▶ Problem description
Your answer must contain only the lines from the one containing "Il tartufo bianco" through the end of the entries below, reproduced character for character.

▶ Data provided
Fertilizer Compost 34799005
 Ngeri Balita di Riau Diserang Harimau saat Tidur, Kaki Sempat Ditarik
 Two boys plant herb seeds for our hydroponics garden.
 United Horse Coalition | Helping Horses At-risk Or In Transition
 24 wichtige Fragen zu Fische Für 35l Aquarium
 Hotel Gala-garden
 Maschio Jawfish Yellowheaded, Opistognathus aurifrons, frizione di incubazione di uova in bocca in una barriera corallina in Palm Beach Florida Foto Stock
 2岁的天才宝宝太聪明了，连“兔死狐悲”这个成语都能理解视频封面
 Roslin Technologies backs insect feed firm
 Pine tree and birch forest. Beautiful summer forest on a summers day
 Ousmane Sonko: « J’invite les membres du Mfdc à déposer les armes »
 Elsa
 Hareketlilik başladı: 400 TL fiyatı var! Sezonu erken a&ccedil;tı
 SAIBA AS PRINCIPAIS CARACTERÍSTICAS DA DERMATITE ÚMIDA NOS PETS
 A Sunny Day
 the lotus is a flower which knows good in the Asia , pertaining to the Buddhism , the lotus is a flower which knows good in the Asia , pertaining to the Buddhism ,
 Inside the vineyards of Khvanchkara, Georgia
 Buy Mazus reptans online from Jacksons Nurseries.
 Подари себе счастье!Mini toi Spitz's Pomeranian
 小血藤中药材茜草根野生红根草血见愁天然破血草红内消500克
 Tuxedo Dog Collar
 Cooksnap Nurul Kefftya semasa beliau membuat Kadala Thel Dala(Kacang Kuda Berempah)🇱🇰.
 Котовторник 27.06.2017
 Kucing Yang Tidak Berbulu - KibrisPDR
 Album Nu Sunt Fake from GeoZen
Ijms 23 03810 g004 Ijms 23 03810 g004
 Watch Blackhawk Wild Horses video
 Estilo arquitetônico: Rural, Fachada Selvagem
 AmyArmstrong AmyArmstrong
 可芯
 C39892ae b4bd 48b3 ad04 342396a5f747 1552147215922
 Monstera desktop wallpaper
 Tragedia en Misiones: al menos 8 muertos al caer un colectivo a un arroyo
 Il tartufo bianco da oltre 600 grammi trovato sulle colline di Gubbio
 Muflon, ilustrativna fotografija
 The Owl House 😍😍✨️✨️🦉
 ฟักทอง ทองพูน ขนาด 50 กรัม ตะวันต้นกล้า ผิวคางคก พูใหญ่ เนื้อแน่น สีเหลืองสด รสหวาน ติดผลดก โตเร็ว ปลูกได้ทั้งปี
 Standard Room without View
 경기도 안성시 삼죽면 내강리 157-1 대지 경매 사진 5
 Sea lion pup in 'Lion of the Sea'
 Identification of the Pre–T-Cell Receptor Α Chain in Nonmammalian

▶ Solution for this task
 Il tartufo bianco da oltre 600 grammi trovato sulle colline di Gubbio
 Muflon, ilustrativna fotografija
 The Owl House 😍😍✨️✨️🦉
 ฟักทอง ทองพูน ขนาด 50 กรัม ตะวันต้นกล้า ผิวคางคก พูใหญ่ เนื้อแน่น สีเหลืองสด รสหวาน ติดผลดก โตเร็ว ปลูกได้ทั้งปี
 Standard Room without View
 경기도 안성시 삼죽면 내강리 157-1 대지 경매 사진 5
 Sea lion pup in 'Lion of the Sea'
 Identification of the Pre–T-Cell Receptor Α Chain in Nonmammalian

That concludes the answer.